WSJ Historically Speaking: Even Poets Get Spring Fever
Spring is finally dispelling the cheerless gray of winter. In a few more weeks, city dwellers will begin the time-‐honored practice of heading to the countryside in search of pristine nature, tranquility and cooler climes.
In the third century B.C., Theocritus of Syracuse became one of the earliest poets to celebrate nature for its own sake. His deceptively simple poems about shepherds and farmers inspired a new poetic form, the pastoral elegy.
Almost two centuries later, the great Roman poet Virgil (70-19 B.C.) freed the genre from its literal underpinnings to give it a certain philosophical bent. His pastoral poetry was more than just an elegant commentary on the countryside; fundamental to its purpose was the exploration of our relationship with nature. “Let me love the rivers and the woods,” Virgil declares in “The Georgics,” before going on to ponder whether he should spend his life contemplating rural delights.

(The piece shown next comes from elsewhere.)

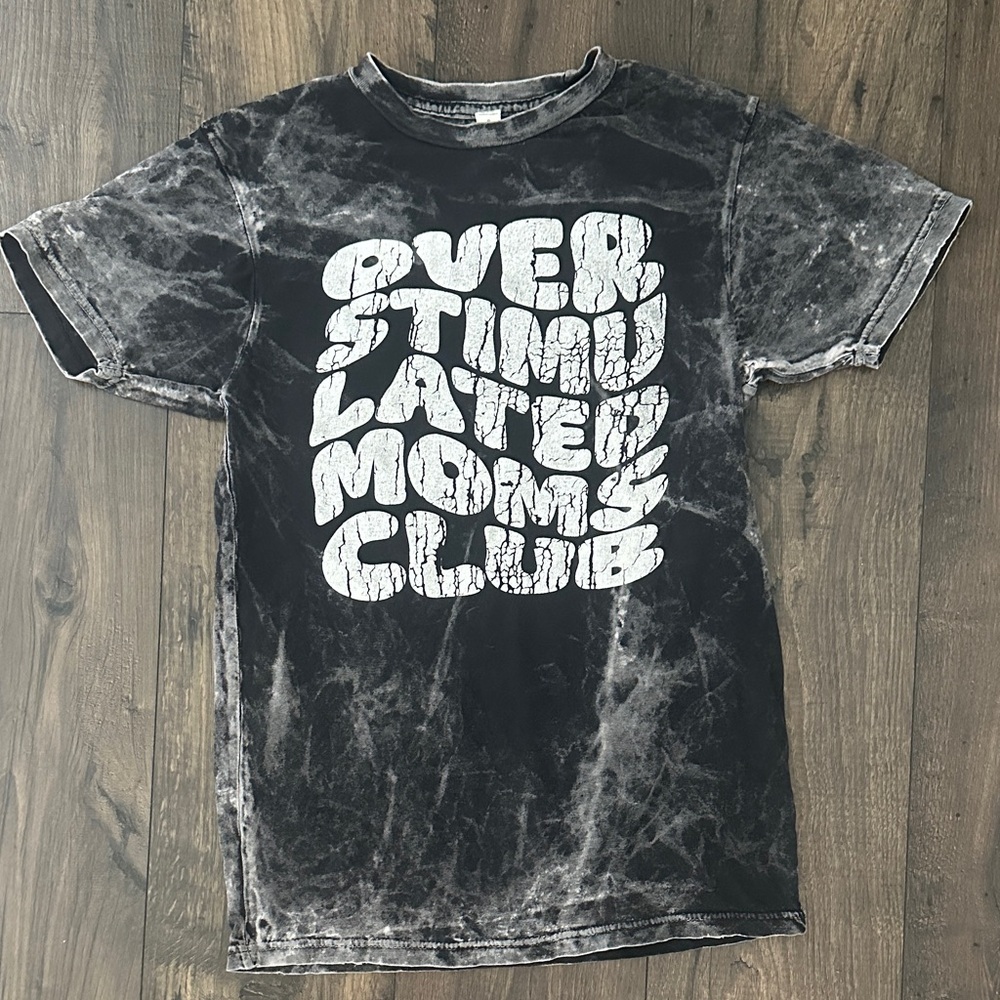 Small cotton “overstimulated moms club” tee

Subsequent poets imitated Virgil’s idealized portrait of nature as a place of refuge or solace. The pastoral poetry of the Renaissance poets often expressed a longing to return to Arcadia. The Chinese tradition of pastoral poetry also celebrated the virtues of simple living—although few took it as far as Tao Qian (365-427), who lived in a hut and grew chrysanthemums while writing poetry in praise of his rural life.
In the West, the pastoral poem was often based on an imagined existence, rather than one spent among actual rustics. Nor were many poets particularly interested in the lives of country folk, except as foils for social critiques or religious allegories. Edmund Spenser’s 1579 pastoral ode to the seasons, “The Shepherd’s Calendar,” seems little more than a pleasant emulation of Virgil until its myriad contemporary allusions—to Elizabeth I and church politics—are made clear.

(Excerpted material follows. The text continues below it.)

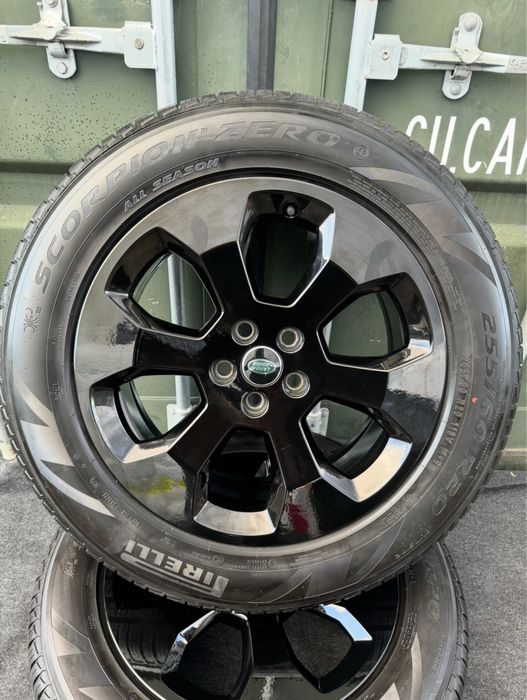 Nowe Koła Alufelgi Land Rover Defender 20” Pirelli 255/60/20 Oryginał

As the Industrial Revolution took hold, the philosophical question of humanity’s relationship with nature acquired a new urgency. Just as Tao Qian had done in the previous millennium, poets began to ask whether true spiritual enlightenment could ever be found outside of nature.
As one of the leaders of English romanticism, William Wordsworth (1770-1850) had a commitment to the pastoral ideal that ultimately made him turn his back on urban life in favor of England’s Lake District. There, as described in his 1807 poem “The Daffodils,” he wandered “lonely as a cloud” across the Dales, being moved to bliss by such majestic sights as a “host of golden daffodils.”
But Wordsworth’s efforts paled compared withHenry David Thoreau’s single-minded search for meaning and enlightenment. Thoreau spent 26 months in 1845 living in his wooden cabin by Walden Pond in Concord, Mass. “The mass of men lead lives of quiet desperation,” he wrote. His prescription for warding off urban alienation went further than Wordsworth’s idea of lying on a couch “in vacant or in pensive mood” until the right memory returned. Thoreau’s answer was to live at one with nature, without the accouterments of civilization to hinder his appreciation.
Thoreau profoundly influenced the next generation of poets, particularly W.B. Yeats(1865-1939). Describing his early career, Yeats wrote, “I had still the ambition, formed in Sligo in my teens, of living in imitation of Thoreau.” Homesick for Ireland, he wrote “The Lake Isle of Innisfree,” imagining he would “a small cabin build there, of clay and wattles made…and live alone in the bee-loud glade.”
High rental prices and urban sprawl make a sense of tranquility amid untrammeled nature much harder to achieve today. But it is not impossible if people will put away their cameras and cellphones and, like Yeats, allow each moment to penetrate “the deep heart’s core.